The Lanham Act is designed, at root, to protect against consumer confusion, not to reward trademark owners for their inventiveness in coming up with marks in the abstract; protecting creativity is the province of copyright, not trademark. So the fact that Google makes money from a trademark that another party created and registered should not, in itself, be relevant to the analysis of whether it has used that mark in commerce.

Thus the question in Rescuecom should be whether Google is using Rescuecom's mark in a manner that confuses consumers as to the origin of its own goods - here the advertisements (or perhaps the search results) it serves.

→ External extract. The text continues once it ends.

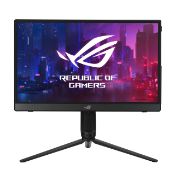 1 x ASUS ROG Strix 15.6 FHD XG16AHP Portable 144Hz Gaming Monitor - Battery Powered - RRP £400!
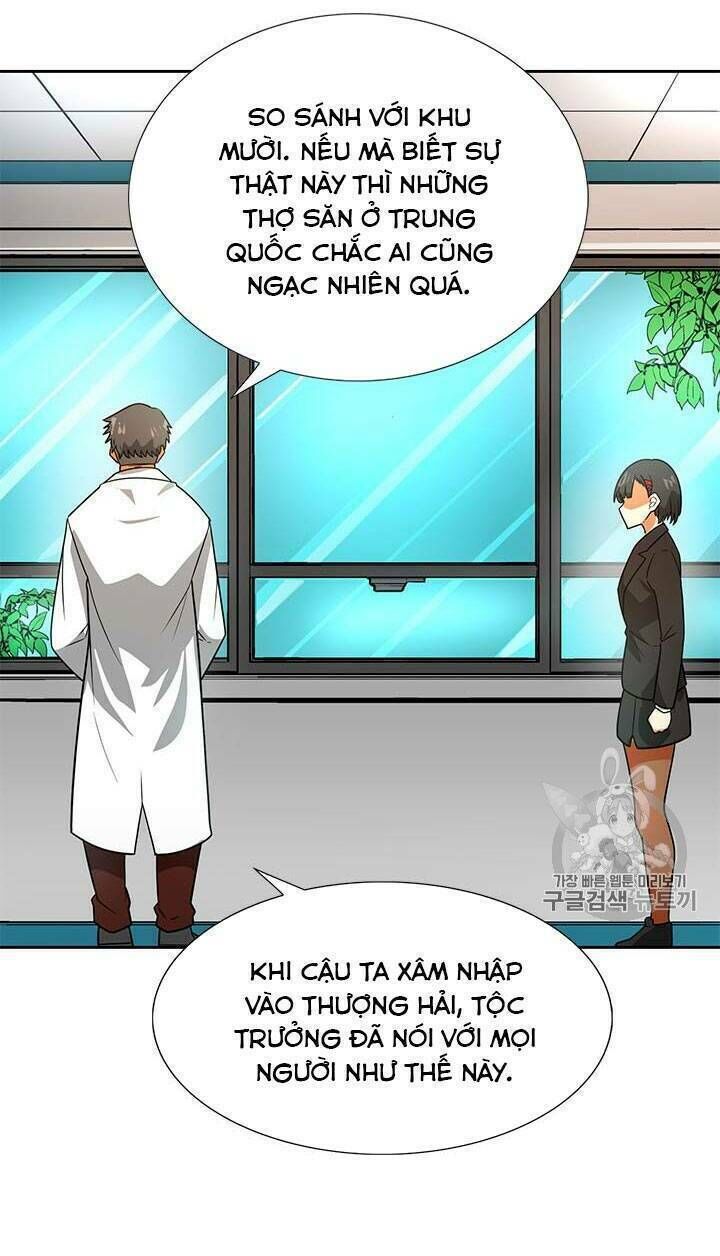 tôi tự động săn một mình chapter 50 - Trang 2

On the search engine business model, it is hard to see how that is the case. Not every use of a mark is an infringement, and it may be that the Second Circuit can shift the tide in this area (assuming it supports the position its lower courts have taken up until now).

If history is any guide, however, higher authority may be necessary to repair what is, for now, a multi-billion dollar split.

Stephen M. Kramarsky, a member of Dewey Pegno & Kramarsky, focuses on complex intellectual property litigation.

Endnotes:

1. Rescuecom Corp. v. Google Inc., 456 F.Supp.2d 393 (NDNY, 2006). An "AdWord" is a keyword that triggers the buyer's advertisements to appear alongside search results for searches that include the purchased term. The sale of "Rescuecom" as an AdWord to Rescuecom's competitors thus causes competing advertisements to appear each time a user searches on Google for Rescuecom.

2. 15 U.S.C. §§1114(1)(a), 1125(a).

3. 414 F.3d 400 (2d Cir. 2005).

4. 15 U.S.C. §1127(1). The definition for "use in commerce" in connection with services is similar.

5. Docket No. 06-2184-CV, F.3d, 2008 WL 281823 (2d Cir. Feb. 4, 2008).

6. 15 U.S.C. §1127.

7. American Express, 2008 WL 281823, at *3 citing EMI Catalogue P'ship v. Hill, Holliday, Connors, Cosmopulos Inc., 228 F.3d 56, 63 (2d Cir. 2000).